El mundo acababa de salir de una espantosa conflagración. Un año antes, el 6 y 9 de agosto de 1945, los Estados Unidos, en una acción que para distintos analistas, historiadores y otros estudiosos se trató de un genocidio, de un crimen de guerra, arrojaron dos bombas atómicas en Hiroshima y Nagasaki. Era el principio de la posguerra y también de la llamada Guerra Fría. Y las potencias entraban en la enloquecida carrera por desarrollar nuevas armas y experimentar más en asuntos de energía nuclear. En el atolón Bikini, en el Pacífico, los gringos hicieron varias pruebas con artefactos nucleares, cuyo comienzo de explosiones fue el 1º de julio de 1946.
Cuatro días después, Réard lanzó la prenda que sería toda una revolución. “El bikini: una bomba anatómica”, rezaba el slogan de los dos fragmentos de tela, una banda arriba, otra abajo, que conformaban la minúscula vestimenta que las muchachas iban a lucir en piscinas y playas del orbe. Entonces no fue fácil encontrar quién la estrenara. El ingeniero devenido diseñador de moda acuática seleccionó el complejo de piscinas Molitor al que iba la crème parisina.
Ninguna modelo se atrevió a presentarse con esa miniatura que posibilitaba mostrar lo que por mucho tiempo ocultaron las bañistas : el ombligo. Y fue cuando una bailarina, de 19 años, Micheline Bernardini, estrella del Casino de París, se encargó de activar el detonante. Desfiló con el bikini y fue portada de todos los periódicos del mundo. Una sensación que sería motivo de pulpitazos, moralismos, discursos frenéticos sobre el cuerpo de la mujer y, claro, una oportunidad para diseñadores, fabricantes, modelos… Era la explosión anatómica que calentó la Guerra Fría.
Siete años después de aquel estallido universal, en el Festival de Cannes de 1953, la cautivante Brigitte Bardot luciría un bikini de fondo blanco, florido, que casi hace desmayar no solo a los fotógrafos sino a los que pudieron apreciar a la atractiva dama. Un año antes había aparecido en la película Manina, la muchacha del bikini. Era una jovencita de diecisiete años. Al principio de la década maravillosa, la actriz francesa se exhibió en Saint Troupez y Cannes con la prenda y ahí sí el bikini se regó por playas y piletas de todo el mundo.
Y en ese marco, de polémicas, flujos y reflujos políticos y de toda índole, el bikini saltó a la fama, se democratizó y no hubo ninguna inquisición que pudiera detener su uso. En 1962, la película de James Bond, el Dr. No, dirigida por Terence Young y protagonizada por Seann Connery y Ursula Andress, tuvo un ingrediente picante: el bikini blanco de la actriz suiza, otra sex symbol de los sesenta.

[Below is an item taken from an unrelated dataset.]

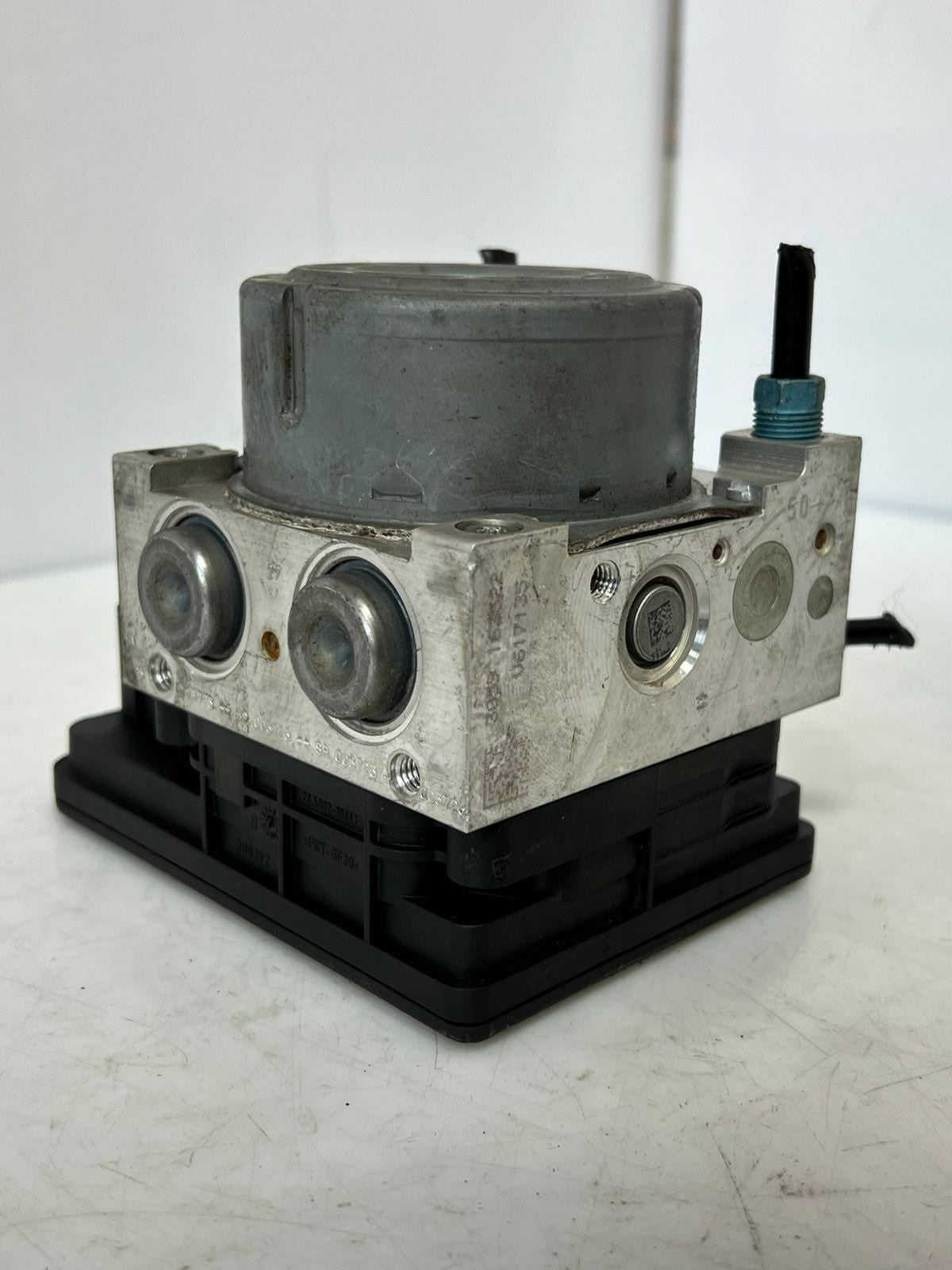 BMW F30 3 Series F31 F34 ACC 330E Abs Pump 6875561 OEM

Cuando vimos aquellos afiches de cine en el hall del hoy inexistente Teatro Bello, no sabíamos de los romances que había tenido la bella Ursula con Marlon Brando, James Dean, John Derek (su primer marido) y tiempo después con el legendario boxeador argentino Carlos Monzón. Bueno; se podría decir con los ojos de ahora que tampoco éramos celosos. Aquella muchacha junto al mar, con caracolas y puñal era una fiebre alta. Y así la sentimos al verla en la revista que mamá había comprado en una farmacia.

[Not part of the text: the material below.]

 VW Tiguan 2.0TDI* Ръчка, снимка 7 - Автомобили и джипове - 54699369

Del filme del Dr. No (también conocida como El satánico Dr. No), no recuerdo ni su trama ni nada, solo la imagen de la muchacha que salió del mar cargada de caracoles y cuyo bikini, o, mejor dicho, toda ella sin tanto vestuario, ligera de ropas, hizo aplaudir a los cientos de muchachos que estábamos hipnotizados en aquella sala en penumbras. Con ella, y sin saberlo, para nosotros la Guerra Fría alcanzó temperaturas de volcán en erupción.